Türkiye s’oppose à une éventuelle attaque contre l’Iran, estimant qu’elle provoquerait une grave instabilité dans la région. Ankara multiplie les navettes diplomatiques pour gérer la crise. L’entretien du président Erdoğan avec le président américain Trump est suivi des contacts du ministre des Affaires étrangères Fidan avec ses homologues iraniens (le ministre iranien des Affaires étrangères se rend aujourd’hui en Türkiye).
Netanyahu est revenu les mains vides de sa rencontre du 29 décembre à la Maison-Blanche sur les dossiers syrien et gazoui, mais il reste aligné avec Trump sur l’Iran. C’est précisément à ce moment que les manifestations de rue en Iran ont pris les États-Unis au dépourvu. Souhaitant transformer ces troubles en opportunité et légitimer une attaque contre l’Iran, Trump aurait envisagé une frappe le mercredi soir 14 janvier, avant d’y renoncer en raison de la faiblesse du dispositif opérationnel américain dans la région.
Même s’il a reporté l’attaque, Trump n’a pas renoncé à son objectif. Il dispose d’informations de renseignement suggérant que l’Iran est plus affaibli que jamais en raison des manifestations et des tensions internes. Juin 2026 approche. Tout en maintenant une forte pression, il procède à un important déploiement militaire. Des porte-avions et des escadrons d’attaque sont positionnés dans la région. L’installation des systèmes de défense aérienne pourrait prendre une semaine à dix jours. Le chronomètre commencera probablement à tourner ensuite.

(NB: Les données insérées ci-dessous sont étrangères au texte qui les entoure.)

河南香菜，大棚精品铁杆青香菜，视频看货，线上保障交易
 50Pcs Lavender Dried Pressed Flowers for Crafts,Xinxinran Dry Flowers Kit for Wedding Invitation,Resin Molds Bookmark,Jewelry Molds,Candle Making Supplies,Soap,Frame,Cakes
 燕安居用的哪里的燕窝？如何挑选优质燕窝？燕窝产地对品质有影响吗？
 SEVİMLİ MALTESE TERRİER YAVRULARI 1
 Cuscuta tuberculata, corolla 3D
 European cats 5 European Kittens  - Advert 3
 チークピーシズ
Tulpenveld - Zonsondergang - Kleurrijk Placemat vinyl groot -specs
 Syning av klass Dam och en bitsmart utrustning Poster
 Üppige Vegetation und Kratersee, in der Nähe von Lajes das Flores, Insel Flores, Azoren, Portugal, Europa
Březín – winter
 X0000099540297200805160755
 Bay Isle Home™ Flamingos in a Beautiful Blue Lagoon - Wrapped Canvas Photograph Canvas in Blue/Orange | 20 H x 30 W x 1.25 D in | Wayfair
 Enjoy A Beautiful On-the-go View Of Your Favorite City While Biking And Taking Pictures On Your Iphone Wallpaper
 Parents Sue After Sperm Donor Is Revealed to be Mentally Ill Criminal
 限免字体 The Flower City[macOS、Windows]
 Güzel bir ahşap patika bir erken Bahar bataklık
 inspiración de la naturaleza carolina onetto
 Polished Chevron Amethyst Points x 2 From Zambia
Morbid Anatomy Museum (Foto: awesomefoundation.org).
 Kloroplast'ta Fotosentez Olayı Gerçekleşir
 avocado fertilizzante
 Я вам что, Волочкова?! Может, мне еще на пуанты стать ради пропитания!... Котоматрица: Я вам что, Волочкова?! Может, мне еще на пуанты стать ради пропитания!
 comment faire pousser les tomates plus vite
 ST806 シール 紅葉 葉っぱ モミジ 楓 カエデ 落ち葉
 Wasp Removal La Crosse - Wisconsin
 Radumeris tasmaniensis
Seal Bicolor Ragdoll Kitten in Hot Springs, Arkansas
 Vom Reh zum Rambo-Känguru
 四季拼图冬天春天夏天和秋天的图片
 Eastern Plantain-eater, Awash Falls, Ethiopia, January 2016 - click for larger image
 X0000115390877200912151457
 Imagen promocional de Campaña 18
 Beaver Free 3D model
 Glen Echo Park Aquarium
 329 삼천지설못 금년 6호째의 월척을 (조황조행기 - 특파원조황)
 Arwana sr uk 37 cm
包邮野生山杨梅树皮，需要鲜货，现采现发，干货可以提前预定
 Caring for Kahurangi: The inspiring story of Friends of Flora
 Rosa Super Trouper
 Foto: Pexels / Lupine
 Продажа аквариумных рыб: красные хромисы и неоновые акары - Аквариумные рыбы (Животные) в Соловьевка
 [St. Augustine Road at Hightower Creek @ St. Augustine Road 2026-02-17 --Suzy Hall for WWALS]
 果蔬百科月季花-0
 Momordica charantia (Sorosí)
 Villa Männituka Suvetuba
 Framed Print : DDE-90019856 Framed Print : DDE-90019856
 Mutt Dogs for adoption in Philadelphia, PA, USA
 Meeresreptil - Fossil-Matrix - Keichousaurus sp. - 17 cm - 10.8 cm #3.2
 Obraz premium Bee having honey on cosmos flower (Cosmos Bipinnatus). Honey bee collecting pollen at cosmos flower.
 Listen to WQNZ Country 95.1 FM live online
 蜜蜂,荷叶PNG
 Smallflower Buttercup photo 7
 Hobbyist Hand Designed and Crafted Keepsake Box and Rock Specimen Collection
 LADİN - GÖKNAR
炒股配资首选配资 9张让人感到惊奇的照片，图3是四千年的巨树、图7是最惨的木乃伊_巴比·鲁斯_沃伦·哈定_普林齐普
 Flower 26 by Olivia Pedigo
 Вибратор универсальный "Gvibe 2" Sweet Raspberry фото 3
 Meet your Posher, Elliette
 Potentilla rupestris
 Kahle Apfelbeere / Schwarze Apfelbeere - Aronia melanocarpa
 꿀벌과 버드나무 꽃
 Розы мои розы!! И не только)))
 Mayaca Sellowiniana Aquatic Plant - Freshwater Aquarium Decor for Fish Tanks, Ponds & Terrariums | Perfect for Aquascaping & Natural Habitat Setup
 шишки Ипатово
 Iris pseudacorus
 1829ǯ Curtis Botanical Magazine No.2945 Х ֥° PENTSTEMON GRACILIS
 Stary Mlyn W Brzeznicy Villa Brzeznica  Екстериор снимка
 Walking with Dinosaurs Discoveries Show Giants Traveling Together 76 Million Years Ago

Les développements semblent confirmer cette lecture faite à Ankara. La presse occidentale évoque désormais la formule vénézuélienne. Selon l’analyse la plus récente entendue à Ankara, les États-Unis mènent actuellement une politique de dissuasion vis-à-vis de l’Iran. Quatre exigences sont formulées : un, détruire l’uranium enrichi ; deux, démanteler les missiles balistiques ; trois, cesser de maintenir des forces par procuration dans la région, notamment en Irak et en Syrie ; quatre, ne plus constituer une menace pour Israël. En cas de refus de Téhéran, une frappe contre l’Iran est envisagée.
D’après les analyses effectuées, l’impression est la suivante : un, les États-Unis souhaitent que la Türkiye encourage l’Iran à s’asseoir à la table des négociations ; deux, ils attendent d’Ankara qu’elle reste neutre en cas d’attaque ; trois, lors de la guerre des 12 jours, les espaces aériens syrien et irakien avaient été utilisés. La Türkiye est désormais très active sur le terrain et dans les airs en Syrie. Washington souhaite que cela ne constitue pas un obstacle pour ses opérations.